Schools are said to be responsible for more than 15 per cent of the UK’s annual public sector carbon emissions – the equivalent of 9.4 million tonnes of carbon dioxide. So to remind schools to take action on climate change, the People and Planet Organisation held its annual Go Green Week last week.
PPO education manager Jamie Clarke believes the younger generation is key to changing national habits, and they have the enthusiasm to see it through.
He says, “Students are leading the greening of their schools with innovative activities ranging from “can film” viewings where the entrance fee is a recyclable can, and the green police who are a group of students in charge of inspecting each classroom in their school to make an environmental assessment.”
Using IT differently can have a significant impact on emissions
Using IT differently can have a significant impact on emissions too, particularly by powering down ICT resources when not in use. "During last year's Go Green Week, students at Sibford School in Oxfordshire [pictured above] led a power down week, when all students and teachers were asked to make sure PCs and lights were turned off after use and windows in rooms were closed," says Jamie Clarke. "This resulted in a 24 per cent reduction in energy usage."

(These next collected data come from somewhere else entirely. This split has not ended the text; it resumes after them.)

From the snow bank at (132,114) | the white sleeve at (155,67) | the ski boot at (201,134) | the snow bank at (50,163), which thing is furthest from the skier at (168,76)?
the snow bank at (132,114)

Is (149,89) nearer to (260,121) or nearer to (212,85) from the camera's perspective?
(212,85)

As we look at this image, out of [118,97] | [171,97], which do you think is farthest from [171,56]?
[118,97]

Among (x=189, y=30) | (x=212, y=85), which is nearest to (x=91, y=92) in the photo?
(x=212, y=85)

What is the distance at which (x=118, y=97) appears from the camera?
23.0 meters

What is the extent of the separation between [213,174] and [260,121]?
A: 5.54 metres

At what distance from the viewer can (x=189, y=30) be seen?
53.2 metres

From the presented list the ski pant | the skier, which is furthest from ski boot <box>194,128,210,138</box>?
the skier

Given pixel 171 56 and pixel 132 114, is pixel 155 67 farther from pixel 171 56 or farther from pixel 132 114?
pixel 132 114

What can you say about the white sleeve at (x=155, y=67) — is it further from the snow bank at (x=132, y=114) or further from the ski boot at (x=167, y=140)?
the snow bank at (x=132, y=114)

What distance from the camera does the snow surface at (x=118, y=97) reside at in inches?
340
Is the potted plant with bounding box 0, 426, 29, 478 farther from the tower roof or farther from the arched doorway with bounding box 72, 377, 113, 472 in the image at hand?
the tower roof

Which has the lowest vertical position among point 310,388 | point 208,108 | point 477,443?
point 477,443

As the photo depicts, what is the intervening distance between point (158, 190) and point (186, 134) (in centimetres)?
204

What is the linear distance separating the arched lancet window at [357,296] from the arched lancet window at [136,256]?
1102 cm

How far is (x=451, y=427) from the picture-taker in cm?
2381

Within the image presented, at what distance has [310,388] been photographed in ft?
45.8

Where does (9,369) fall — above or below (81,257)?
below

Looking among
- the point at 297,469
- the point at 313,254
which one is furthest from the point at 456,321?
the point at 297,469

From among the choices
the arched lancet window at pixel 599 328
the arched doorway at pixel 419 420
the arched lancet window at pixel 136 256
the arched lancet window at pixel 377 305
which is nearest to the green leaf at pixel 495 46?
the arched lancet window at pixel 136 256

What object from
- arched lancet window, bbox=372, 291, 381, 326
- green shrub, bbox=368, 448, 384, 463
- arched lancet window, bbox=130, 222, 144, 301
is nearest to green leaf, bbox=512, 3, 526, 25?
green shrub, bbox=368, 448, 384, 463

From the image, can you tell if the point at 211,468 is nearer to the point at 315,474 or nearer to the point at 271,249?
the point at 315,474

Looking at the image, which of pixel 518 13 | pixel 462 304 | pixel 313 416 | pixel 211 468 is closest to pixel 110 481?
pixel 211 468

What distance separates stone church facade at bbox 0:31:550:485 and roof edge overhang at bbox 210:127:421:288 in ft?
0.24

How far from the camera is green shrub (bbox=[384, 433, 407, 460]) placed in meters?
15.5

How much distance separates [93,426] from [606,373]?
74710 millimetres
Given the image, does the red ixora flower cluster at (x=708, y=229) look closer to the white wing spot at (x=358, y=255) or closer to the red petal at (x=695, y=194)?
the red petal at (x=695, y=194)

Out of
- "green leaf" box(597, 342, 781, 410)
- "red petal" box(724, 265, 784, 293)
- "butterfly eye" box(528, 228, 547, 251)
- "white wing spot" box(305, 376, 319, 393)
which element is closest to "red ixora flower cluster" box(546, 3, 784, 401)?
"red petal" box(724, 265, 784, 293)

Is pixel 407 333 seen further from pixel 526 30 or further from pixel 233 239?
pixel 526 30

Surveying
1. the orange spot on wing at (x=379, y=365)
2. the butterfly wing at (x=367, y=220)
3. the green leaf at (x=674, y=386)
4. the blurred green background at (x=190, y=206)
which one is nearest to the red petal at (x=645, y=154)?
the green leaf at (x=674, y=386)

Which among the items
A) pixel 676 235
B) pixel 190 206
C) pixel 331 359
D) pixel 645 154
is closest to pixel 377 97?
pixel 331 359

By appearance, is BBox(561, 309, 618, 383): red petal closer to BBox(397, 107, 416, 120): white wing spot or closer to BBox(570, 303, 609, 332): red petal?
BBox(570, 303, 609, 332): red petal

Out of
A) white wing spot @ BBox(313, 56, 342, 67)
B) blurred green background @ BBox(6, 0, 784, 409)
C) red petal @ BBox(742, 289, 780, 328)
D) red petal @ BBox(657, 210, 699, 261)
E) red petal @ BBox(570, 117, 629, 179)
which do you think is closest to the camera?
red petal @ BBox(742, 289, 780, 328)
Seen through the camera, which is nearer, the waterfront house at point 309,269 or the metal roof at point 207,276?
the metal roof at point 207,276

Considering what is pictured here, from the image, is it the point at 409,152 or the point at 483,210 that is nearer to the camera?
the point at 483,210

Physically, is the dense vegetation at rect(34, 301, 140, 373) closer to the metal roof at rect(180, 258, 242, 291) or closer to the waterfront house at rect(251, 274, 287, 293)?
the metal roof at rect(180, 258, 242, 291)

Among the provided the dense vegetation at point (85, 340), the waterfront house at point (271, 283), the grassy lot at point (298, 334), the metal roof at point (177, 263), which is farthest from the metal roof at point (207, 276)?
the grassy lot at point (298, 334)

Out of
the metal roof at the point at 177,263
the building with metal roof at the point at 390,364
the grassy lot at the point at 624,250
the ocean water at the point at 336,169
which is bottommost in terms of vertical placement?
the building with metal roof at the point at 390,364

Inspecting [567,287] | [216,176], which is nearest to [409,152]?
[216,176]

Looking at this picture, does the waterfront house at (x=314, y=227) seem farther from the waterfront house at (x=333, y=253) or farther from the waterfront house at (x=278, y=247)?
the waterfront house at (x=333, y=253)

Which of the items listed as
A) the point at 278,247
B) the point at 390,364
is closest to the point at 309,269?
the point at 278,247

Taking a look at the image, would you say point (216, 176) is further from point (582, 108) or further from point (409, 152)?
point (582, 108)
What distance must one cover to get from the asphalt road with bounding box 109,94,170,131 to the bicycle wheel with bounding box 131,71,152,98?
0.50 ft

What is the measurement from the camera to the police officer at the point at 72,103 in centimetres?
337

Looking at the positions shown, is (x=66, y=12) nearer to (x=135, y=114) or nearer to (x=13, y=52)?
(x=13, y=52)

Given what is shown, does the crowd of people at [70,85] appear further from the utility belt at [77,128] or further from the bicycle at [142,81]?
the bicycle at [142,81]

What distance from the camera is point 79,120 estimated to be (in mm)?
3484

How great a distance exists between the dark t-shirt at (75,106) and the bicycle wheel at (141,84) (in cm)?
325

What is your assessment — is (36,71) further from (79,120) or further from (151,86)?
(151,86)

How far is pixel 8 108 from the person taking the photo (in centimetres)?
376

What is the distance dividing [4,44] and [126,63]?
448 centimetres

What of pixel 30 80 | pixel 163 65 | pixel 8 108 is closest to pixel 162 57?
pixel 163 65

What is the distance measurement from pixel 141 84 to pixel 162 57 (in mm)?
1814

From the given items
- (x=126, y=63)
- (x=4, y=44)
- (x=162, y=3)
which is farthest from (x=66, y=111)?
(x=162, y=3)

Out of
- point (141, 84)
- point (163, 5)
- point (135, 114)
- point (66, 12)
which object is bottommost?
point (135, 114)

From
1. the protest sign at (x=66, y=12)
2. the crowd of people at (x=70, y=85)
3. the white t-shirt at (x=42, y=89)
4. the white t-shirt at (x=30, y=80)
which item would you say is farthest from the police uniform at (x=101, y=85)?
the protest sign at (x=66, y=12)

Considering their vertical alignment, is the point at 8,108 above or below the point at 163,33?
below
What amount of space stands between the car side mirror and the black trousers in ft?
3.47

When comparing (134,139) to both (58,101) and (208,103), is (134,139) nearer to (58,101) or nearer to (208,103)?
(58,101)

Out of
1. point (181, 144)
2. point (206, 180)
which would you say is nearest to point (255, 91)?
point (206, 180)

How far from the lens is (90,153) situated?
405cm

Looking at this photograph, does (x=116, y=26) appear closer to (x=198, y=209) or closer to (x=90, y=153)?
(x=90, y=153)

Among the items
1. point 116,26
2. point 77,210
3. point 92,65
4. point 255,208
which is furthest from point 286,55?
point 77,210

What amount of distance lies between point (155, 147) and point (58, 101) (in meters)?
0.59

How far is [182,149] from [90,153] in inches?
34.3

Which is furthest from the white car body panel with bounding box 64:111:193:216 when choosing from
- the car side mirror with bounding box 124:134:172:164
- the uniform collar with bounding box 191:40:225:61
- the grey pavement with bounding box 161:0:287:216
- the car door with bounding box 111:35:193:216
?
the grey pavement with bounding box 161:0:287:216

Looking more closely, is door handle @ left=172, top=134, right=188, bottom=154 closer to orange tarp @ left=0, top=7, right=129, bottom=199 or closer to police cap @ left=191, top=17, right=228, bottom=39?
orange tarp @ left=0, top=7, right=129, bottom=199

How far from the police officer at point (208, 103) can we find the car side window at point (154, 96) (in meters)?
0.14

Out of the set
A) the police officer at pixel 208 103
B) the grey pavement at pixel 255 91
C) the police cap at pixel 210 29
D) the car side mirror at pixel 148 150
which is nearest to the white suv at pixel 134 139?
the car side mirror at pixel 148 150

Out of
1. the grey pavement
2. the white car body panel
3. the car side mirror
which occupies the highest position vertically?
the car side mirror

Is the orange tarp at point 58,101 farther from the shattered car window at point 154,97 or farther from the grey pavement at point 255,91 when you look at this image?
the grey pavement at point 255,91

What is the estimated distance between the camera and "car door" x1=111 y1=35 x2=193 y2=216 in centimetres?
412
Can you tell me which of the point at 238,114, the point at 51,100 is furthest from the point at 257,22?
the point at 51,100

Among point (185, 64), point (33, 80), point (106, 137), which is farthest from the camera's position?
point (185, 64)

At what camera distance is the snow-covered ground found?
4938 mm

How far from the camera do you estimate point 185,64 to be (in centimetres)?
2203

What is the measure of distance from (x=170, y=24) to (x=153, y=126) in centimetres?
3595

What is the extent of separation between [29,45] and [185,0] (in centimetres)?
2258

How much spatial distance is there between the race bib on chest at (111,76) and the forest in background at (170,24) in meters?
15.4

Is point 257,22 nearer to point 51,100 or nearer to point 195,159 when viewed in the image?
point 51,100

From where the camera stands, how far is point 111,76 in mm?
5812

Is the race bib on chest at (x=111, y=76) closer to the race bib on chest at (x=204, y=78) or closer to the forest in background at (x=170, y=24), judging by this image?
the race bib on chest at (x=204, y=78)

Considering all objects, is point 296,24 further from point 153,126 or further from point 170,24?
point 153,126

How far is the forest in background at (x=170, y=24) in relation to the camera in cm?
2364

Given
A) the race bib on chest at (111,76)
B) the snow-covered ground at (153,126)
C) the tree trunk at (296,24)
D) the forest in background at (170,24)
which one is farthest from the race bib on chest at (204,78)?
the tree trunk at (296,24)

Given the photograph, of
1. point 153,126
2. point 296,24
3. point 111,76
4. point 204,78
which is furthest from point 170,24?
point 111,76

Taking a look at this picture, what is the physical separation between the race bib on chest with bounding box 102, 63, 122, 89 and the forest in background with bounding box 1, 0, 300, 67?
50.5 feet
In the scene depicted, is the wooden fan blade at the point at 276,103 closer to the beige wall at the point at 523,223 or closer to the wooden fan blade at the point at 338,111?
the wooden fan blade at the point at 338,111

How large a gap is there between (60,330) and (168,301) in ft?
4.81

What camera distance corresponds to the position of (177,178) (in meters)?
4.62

The only issue with this is the human factor – the students and teachers have to remember to do it. Redbridge local authority has been trialling software that will automatically power down computers when not in use. Verismic Power Manager monitors and controls PC usage. “We tested the software for two weeks in one of our primary schools,” says Gary Jelks, ICT services delivery manager at Redbridge LA. “Energy consumption was reduced by 32 per cent during that time. We plan to offer this product to all of our primary schools.” Verismic state that this reduction in energy usage would save a secondary school with 600 computers around £13,000 per year.
Schools can also do their bit for the environment by reducing the amount of paper wastage and more economical use of printers will help. Colmers School in Birmingham has been monitoring their print use since September 2009, when the print volume was in excess of 400,000 from 70 printers. By introducing print management software, replacing old printers with more efficient ones, assigning maximum print credits to students and giving departments responsibility for their print use, the school has so far reduced print volume by over 168,000.
Kevin Tranter, network manager at Colmers School says, “We forecast our savings would be in the region of £20,000 in 2010-11. Six months into the project, we found that we were saving in excess of our targets.” Environmentally, the project will be saving 40,000 hours of electricity, roughly equivalent to two trees and more than 1200kg of carbon dioxide.
Blatchington Mill School has also managed to reduce their paper output by distributing their reports electronically using SIMS Learning Gateway, Capita’s secure system for sharing pupil data with teaching staff and parents. “We would have used approximately 190,000 pages to produce our reports across the school per year. Switching to online has saved us over £3000 in consumables,” says Mark Leighton, assistant head at Blatchington Mill secondary school in Hove. “The majority of parents prefer this method of reporting as they receive more regular updates on their child’s progress.”